Ya hemos visto que la inmensa mayoría de la gente que se vuelve adicta lo hace porque intenta suplantar equivocadamente sus necesidades insatisfechas por algo exterior a ellas que supuestamente les suministrará lo que les falta y buscan con tanto afán. Quienes por ejemplo, sienten el impulso de controlarlo todo incurren a menudo en la adicción a objetos que en sí carecen de voluntad para oponérseles. La ropa en la vidriera "está siempre allí" para satisfacer la demanda del adicto a las compras. Basta pedirla y pagarlo para que sea "entregada" sin oponer la menor resistencia.
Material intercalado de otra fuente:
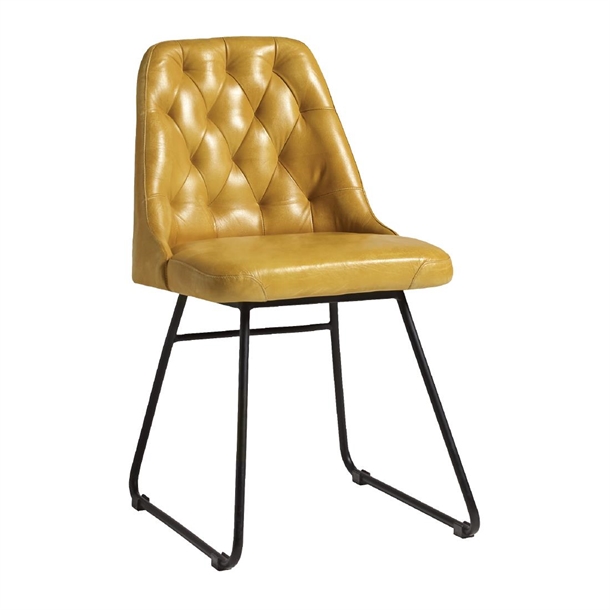 Harland Side Chair Leather Vintage Gold  (Pack 2) (Direct)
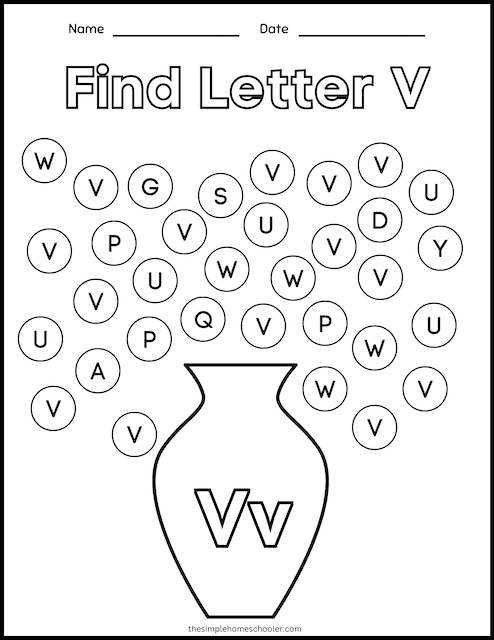 letter v worksheets for preschoolers
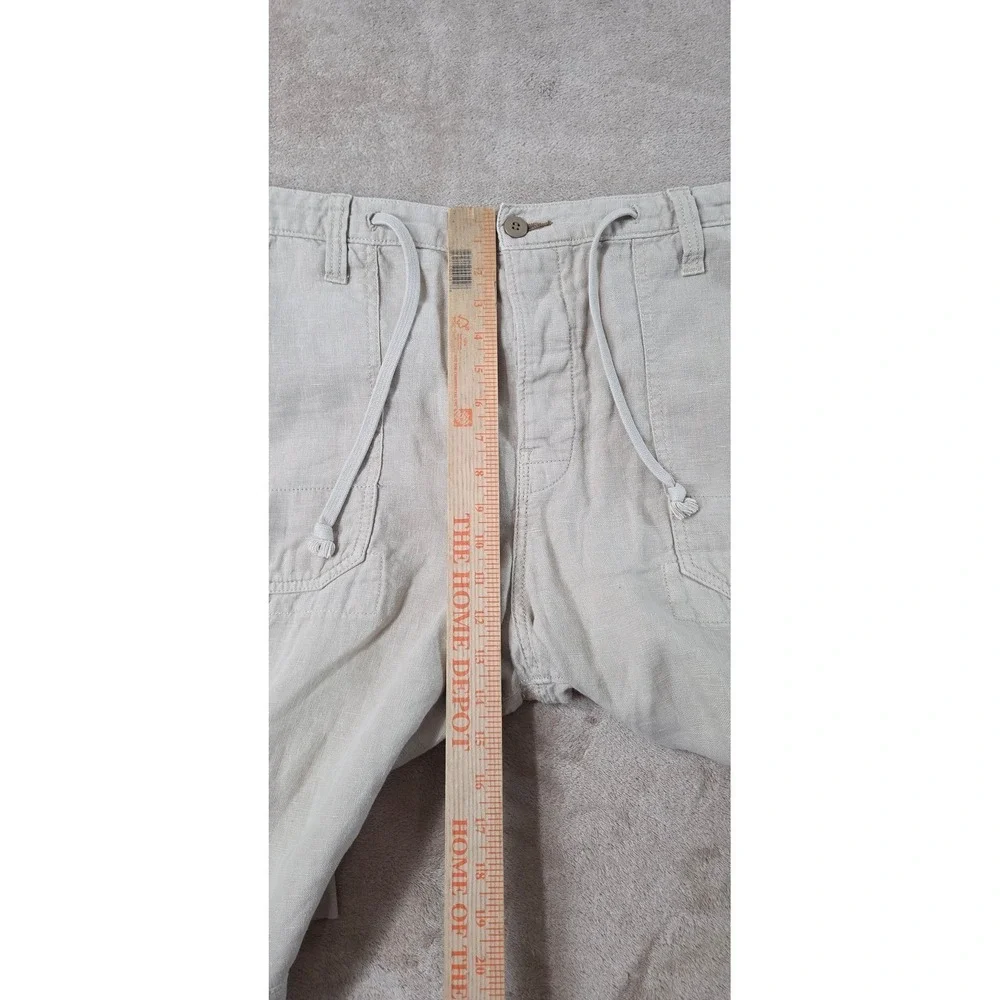 Lucky Brand originals shorts Mens 38 Beige 100% linen drawstring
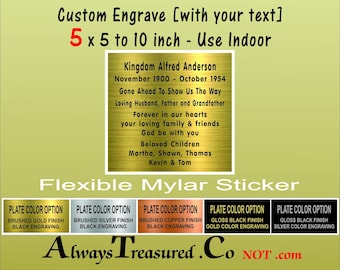 Mylar Sticker 5 x 5 to 10 inches / Personalized Engraved Plate - Flexible INDOOR grade sign label  #Mylar Sticker Square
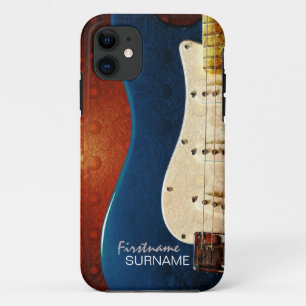 Elektrische blauwe Gitaar Metal Grunge Custom Text iPhone 11 Hoesje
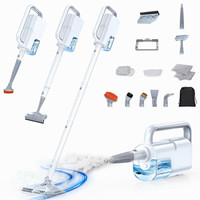 Corded Steam Mop 10s Heat-Up 180° Swivel + Nozzle Brush Cloth White/Grey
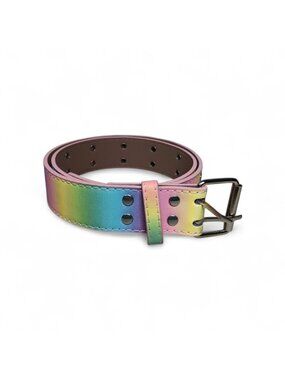 Belt Pastel Multicolor Rainbow Adjustable to 32" Silver-Tone Buckle Double Holes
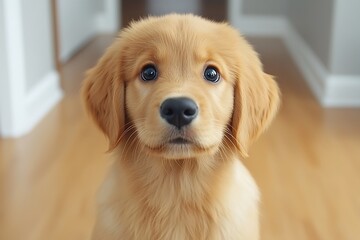 Golden Puppy Portrait Home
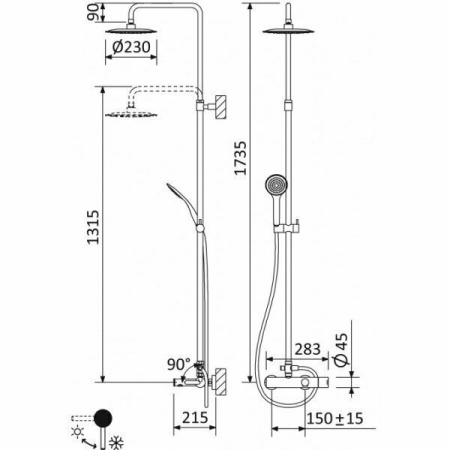 Душевая система Cezares LEAF-CVDA-23-01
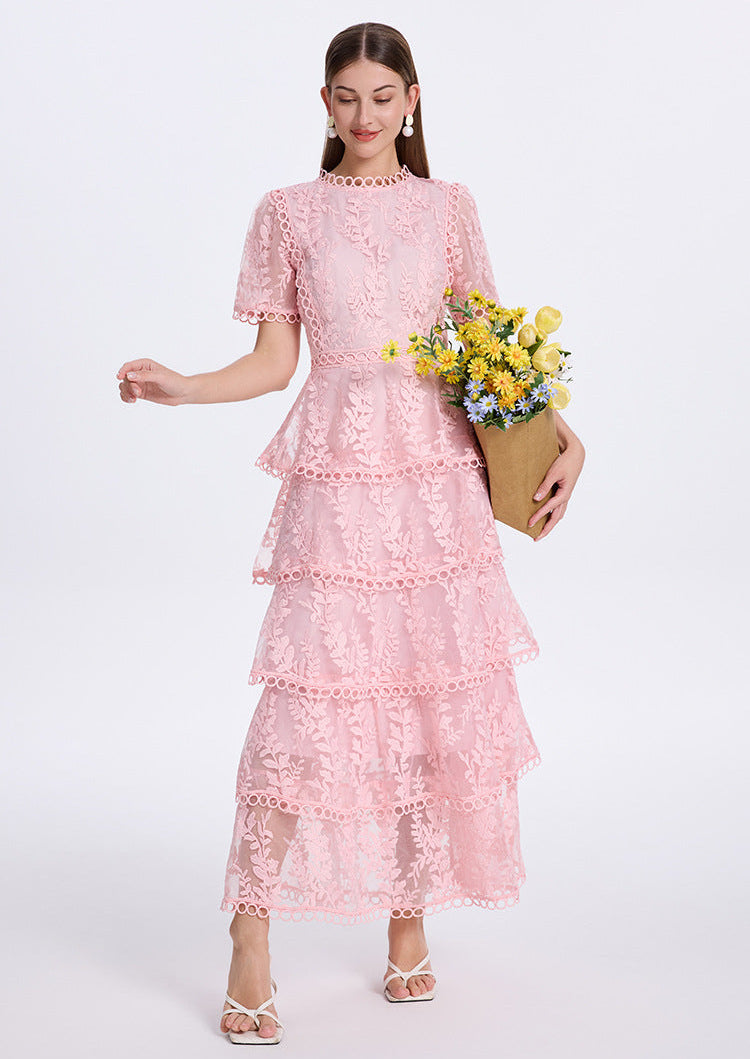 Embroidered Ruffle Tiered Maxi Dress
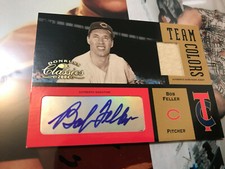 BOB FELLER AUTO /100 2004 DONRUSS CLASSICS SIGNATURE TEAM COLORS autograph 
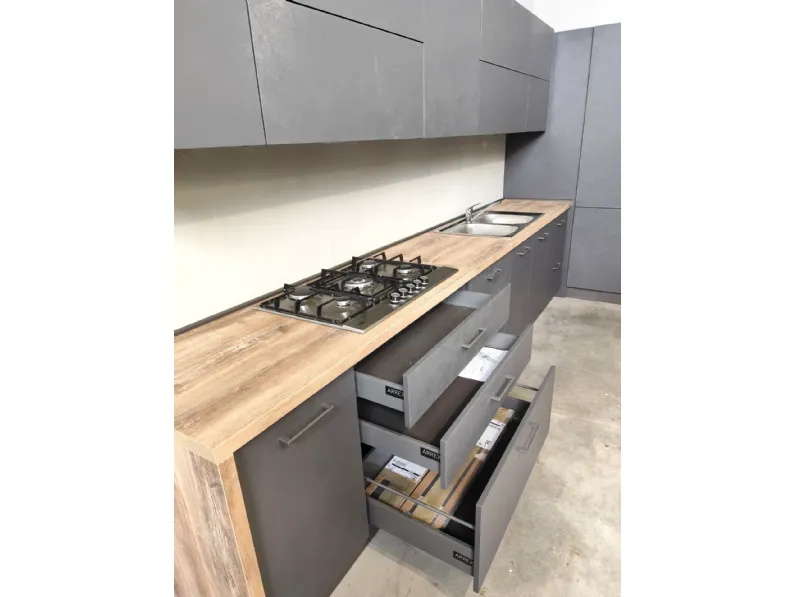 Cucina antracite moderna ad angolo Bea orione Arrex in Offerta Outlet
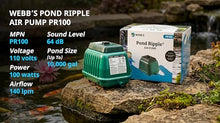 Webb's Pond Ripple Air Pump PR100, Aerate Ponds up to 10,000 Gallons, Quiet & Reliable, Energy-Efficient Pond Aerator for Koi Ponds & Water Gardens, 140 LPM / 4.94 CFM, 115v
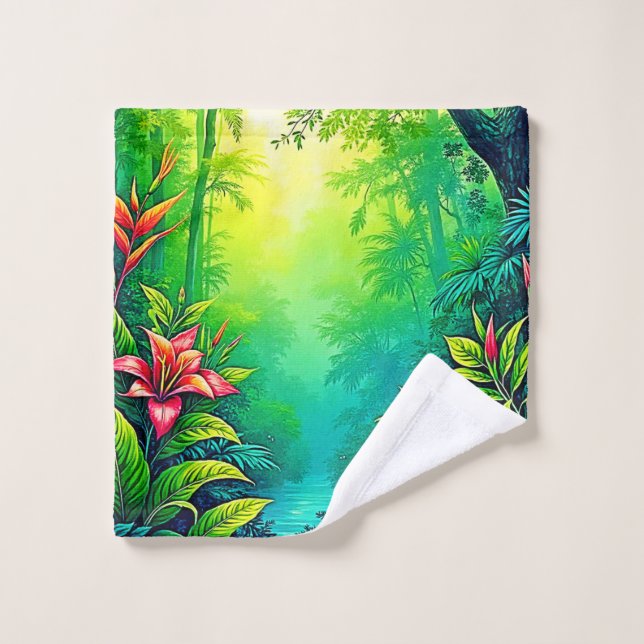 Lush Tropical Jungle Oasis Design Bath Towel Set (Wash Cloth)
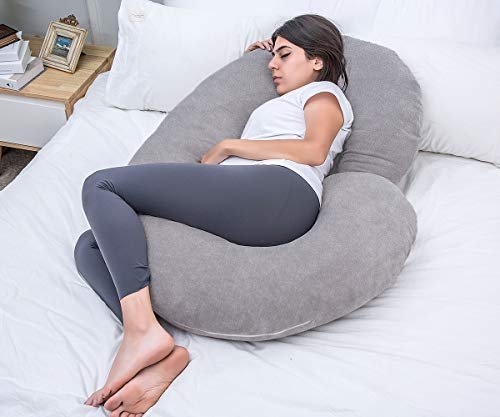 Pregnancy Pillow, C Shaped Full Body Pillow for Maternity Support and Pregnant Women Sleeping with Velvet Cover (Dark Grey)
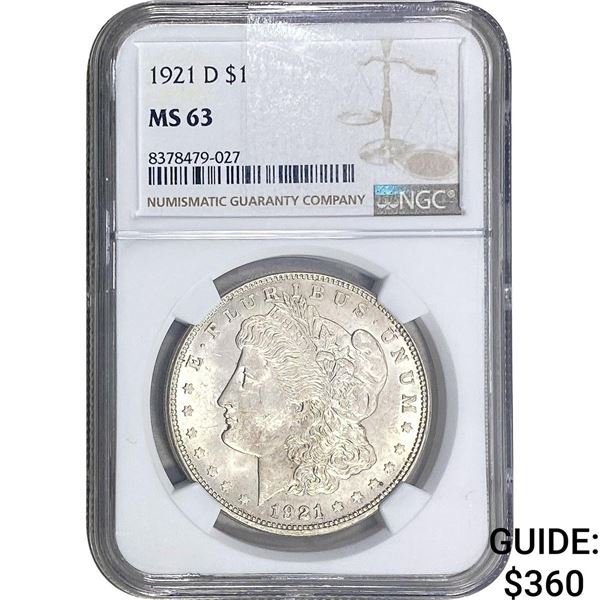 1921-D Morgan Silver Dollar NGC MS63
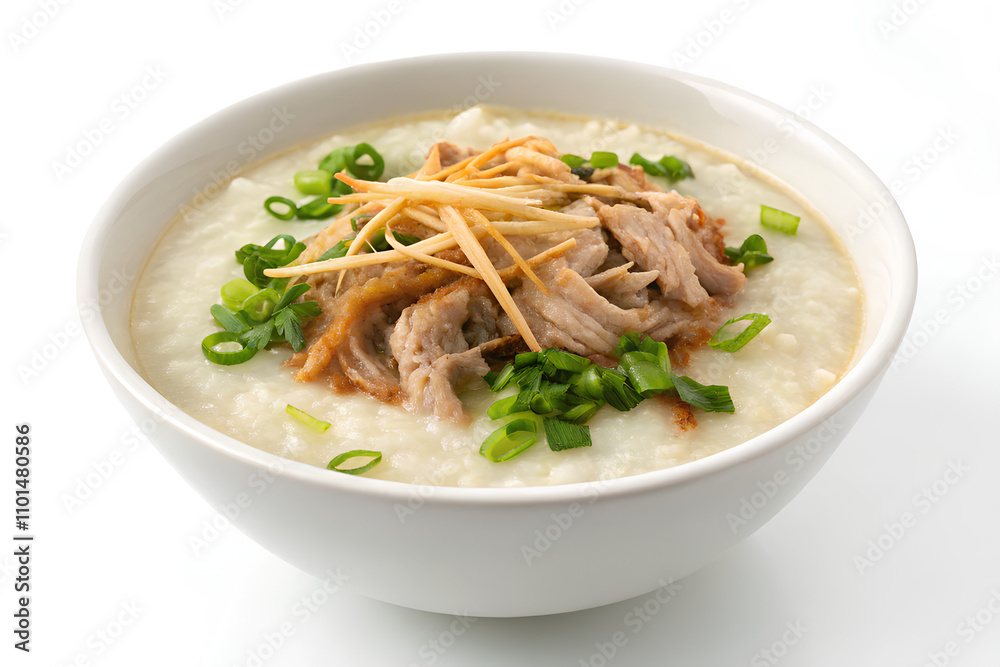 Congee topped with shredded pork with green onions in white bowl, On isolated white background. Clipping path.png Congee topped with shredded pork with green onions in white bowl, On isolated white background. Clipping path.png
Los avisos publicitarios cumplen un papel primordial en la instigación a contraer adicciones. Nuestras preferencias se encuentran muchas veces condicionadas por una publicidad que no ignora nuestras falencias y se dispone a usarlas en su beneficio. Una de sus tácticas predilectas consiste en la repetición hasta el cansancio, "machacando" con la misma imagen y las mismas palabras hasta obtener de nuestra parte un consentimiento del cuál no somos plenamente conscientes. Es más: en ciertos casos somos capaces de detectar la manipulación de que se nos hace objeto, lo cuál no nos impide adherir a la propuesta. La tentación es demasiado fuerte cuando la promesa de "salvación" no ahorra argumentos y nos estimula con la idea de arreglar nuestra vida de manera eficaz y veloz.

El costo social de la adicción es demasiado alto. Las reiteradas ausencias al trabajo implican millones de horas, sin contar los bajos rendimientos y las enormes sumas que deben invertirse para atender los problemas de salud que originan muchas adicciones. En última instancia son los individuos quienes padecen las consecuencias, pagando un precio que no puede medirse solamente en términos de dinero.

Pero la plaga de adicciones tiene una implacable lógica interna. Mientras la gente sea incitada a sentir que no vale demasiado y que ha perdido un control, que se lo invita a reconquistar (por medio de productos o actividades que alteran el ánimo y embotan la conciencia), será difícil revertir la situación a nivel social.